Freda se rio con aire de culpa y dijo:
—Tengo entendido que es un gran honor ser miembro.
—Y Cecil es mayor que George —dijo Clara.
—Creo que dos o tres años, y todo un experto en ciertos aspectos de la Revuelta Hindú. Por lo visto pretende ser profesor del college.
—Y se ha ofrecido a ayudar a George.
—¡Es que son muy amigos!
Clara hizo una pequeña pausa.
—Sea por lo que sea —dijo—, George se está abriendo al mundo.
Freda mantuvo la sonrisa, mientras asimilaba la idea de su amiga.
—Es verdad —dijo—. ¡Por fin se está abriendo como una flor! —La imagen era tan hermosa como ligeramente inquietante.
Entonces Daphne asomó la cabeza por la ventana y gritó:
—¡Ya están aquí! —Parecía enfadada con ellas por no haberse dado cuenta.
—Ah, qué bien —dijo su madre, volviendo a levantarse.
—Ya era hora —dijo Clara Kalbeck, con una risa seca, como si hubieran puesto a prueba su paciencia con aquella espera.
Daphne echó un rápido vistazo por encima del hombro, antes de decir:
—Es increíblemente atractivo, la verdad, pero tiene una voz bastante gritona.
—Igual que tú, cariño —dijo Freda—. Y ahora vete a buscarlo.
—Yo me voy a marchar —dijo Clara en voz baja y en un tono muy serio.
—¡Qué tontería! —dijo Freda, dándose por vencida como había sospechado que haría, y levantándose para acercarse hasta el vestíbulo.
Dio la casualidad de que Hubert acababa de llegar del trabajo, y estaba de pie en la puerta principal con su sombrero hongo, arrojando prácticamente dos maletas marrones dentro de la casa.

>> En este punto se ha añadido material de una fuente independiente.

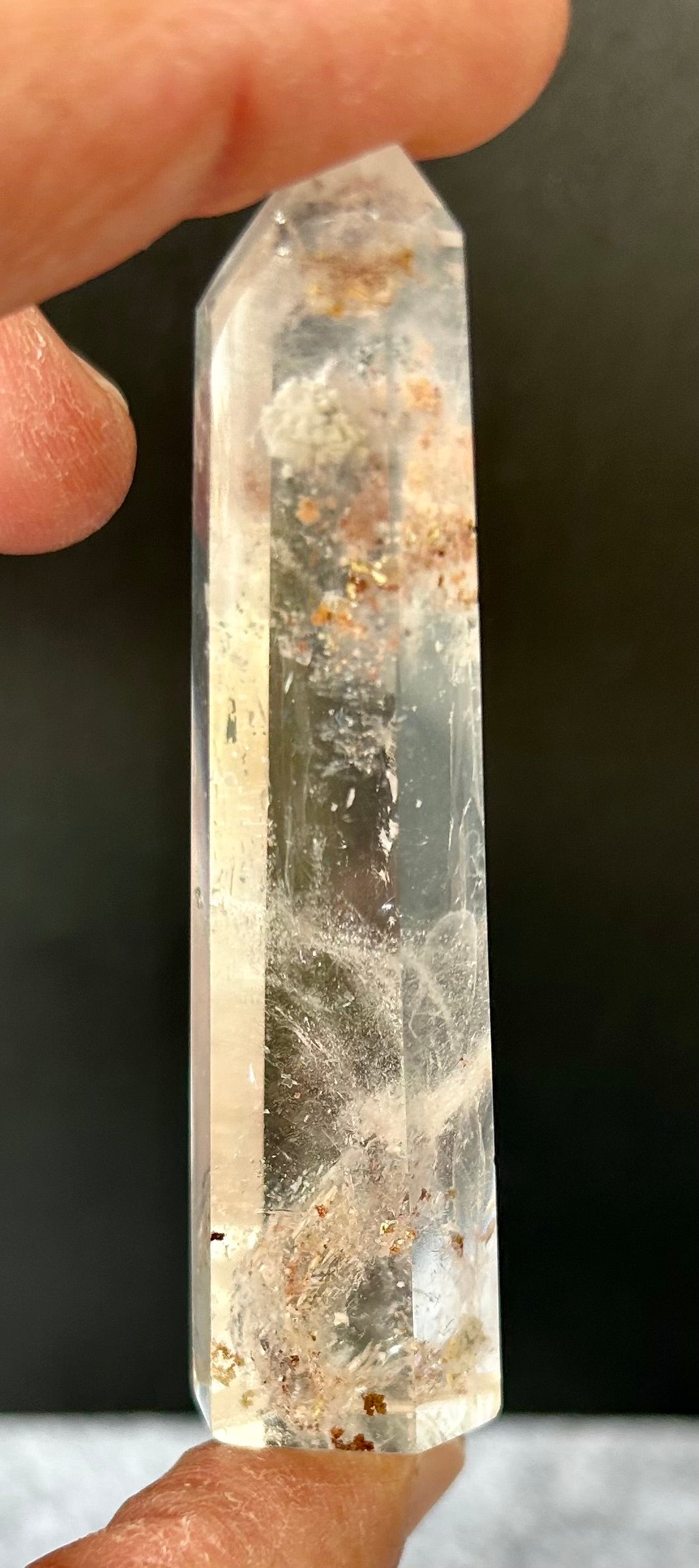 Quartz Tower with Inclusions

—Me las he traído en la furgoneta.
—Ah, deben de ser las de Cecil —dijo Freda—. Sí, «C. T. V.», mira. Ten más cuidado… —Su hijo mayor era un muchacho fornido, con un bigote sorprendentemente rojizo, pero ella se dio cuenta en ese momento, a la luz de su última conversación, de que aún no había madurado y de que se quedaría completamente calvo antes de hacerlo—. Ha llegado un paquete muy misterioso para ti. Buenas noches, Hubert.
—Buenas noches, madre —dijo Hubert, inclinándose sobre las maletas para besarla en la mejilla. Era la pequeña pantomima de sus relaciones, que de alguna manera resaltaba el hecho de que Hubert no se divirtiera nada y quizá ni siquiera supiera que tenían algo de cómico—. ¿Es este? —preguntó, cogiendo un paquetito envuelto en reluciente papel rojo—. Parece más de señora.
—Eso esperaba yo, es de Mappin’s —dijo su madre mientras a su espalda, por la puerta del jardín que había permanecido abierta todo el día, iban llegando los demás: esperando un momento fuera, a la suave luz que se extendía por el sendero, George y Cecil cogidos del brazo, recortados contra el crepúsculo, y Daphne justo detrás, con los ojos muy abiertos y su propio papel en aquel drama, el de la persona que los había encontrado. Freda tuvo un momento la sensación de que Cecil era el que guiaba a George, en vez de que George les estuviera presentando a su amigo; y el mismo Cecil, cruzando el umbral con su clara ropa de lino y tan sólo el sombrero en la mano, parecía extrañamente despreocupado. Podría estar haciendo su entrada desde su propio jardín.